Haroon Mirza at the Lisson Gallery
Haroon Mirza's first London solo show at the Lisson Gallery, Bell Street manifests itself as a musical composition as much, if not more so, as an installation to be considered on visual terms.
Retro technical equipment and familiar household objects are re-appropriated and juxtaposed with video footage to create sculptural installations that punctuate the physical space and act as triggers for the all encompassing audio that permeates the galleries three rooms.
The exhibition is divided into three main works each occupying its own room in the gallery. In the first, Cross Section of a Revolution, 2011, political footage, fuzzy with age, plays through an outdated monitor as you first walk in. A radio hitched to an old Technic turntable spins, picking up interference from a light bulb and chiming against a precisely placed bulldog clip with each revolution. In the far corner three monitors take it in turns to screen looped footage of Kenyan drummers, each edit singling out a distinct beat which adds to the omnipresent soundtrack. Wedges of foam arranged geometrically along the lower section of the back wall remind me at once of both soundproofing and, perhaps speculatively, a padded cell. The sounds are abrasive and the atmosphere is tense, a high pitched screeching noise reminiscent of a siren sweeps across the room underpinning a sense of conflict and unease. Everything seems so explicitly assigned that when the doorbell chimes and more visitors are buzzed in I can't help but feel that, if I didn't know better, even the buzzer itself could be intentional.

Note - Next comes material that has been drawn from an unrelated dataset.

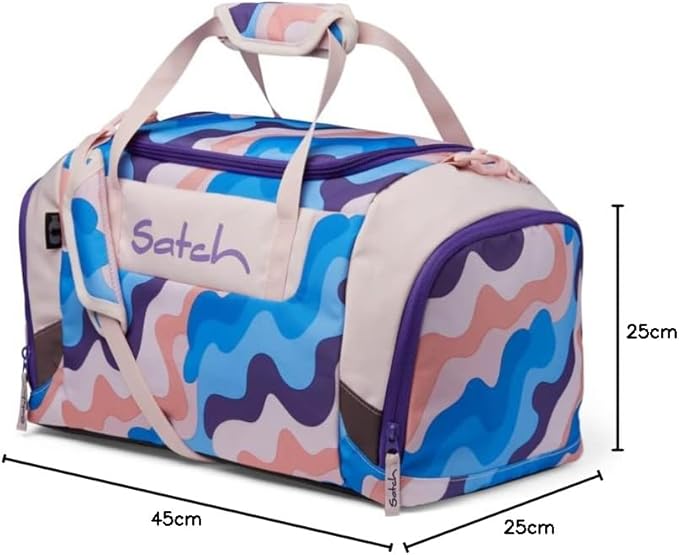 Satch Borsone Sportivo 25 Litri in Tessuto Riciclato Bianco Rosa per Bambina Unisex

The vibe shifts in Evolution of a Revolution, 2011, the second part of the exhibition situated in the main gallery, and feels less antagonistic than the previous room. A strobe light pulses and a video of a figure in motion is projected through a small screen placed inconspicuously next to the adjacent wall. Light builds momentum in the same way that the sound crescendos. A projected disc of light that travels from the screen to yet more foam padded wall reminds me of the rise and fall of the sun and thus the inevitability of passing time. Towards the middle of the room positioned at an angle atop two speakers sits a mirrored coffee table inverted to form a cube with a reflective interior. Smoke billows from within and a laser, ingeniously triggering soundtracks, beams through the haze. This offering, alongside the strobe, video footage and the heavy, repetitive soundtrack alludes strongly to club culture. It is easy to see how Mirza's experience as a DJ manifests here. The combined elements of the installation give a sense of nostalgic euphoria and I am reminded of fellow Winchester graduate, Darren Almond's If I had You, 2003 (nominated for the 2005 Turner Prize) in which music video worked together to convey the passing of time and the power of memory.
The final stage of the exhibition, upstairs and aptly titled Backfade_5, 2011, has an oddly comforting affect after the vehemence of the other exhibits. It slows down a bit up here and at the forefront of the audio is a rhythmic drum beat and a low repetitive tone. The room houses Mirza's replicas of Fred Sandback's minimalist sculptures in LED strips and electrical cable. Mirza spent time going through archives of Sandback's work and came across a document detailing how work should be installed in a gallery. This is said to have lead him to a more minimal approach to installation in general. The shift towards minimalism is echoed in the accompanying sound which, at the last stage in the exhibition, weighs primarily on a drum beat.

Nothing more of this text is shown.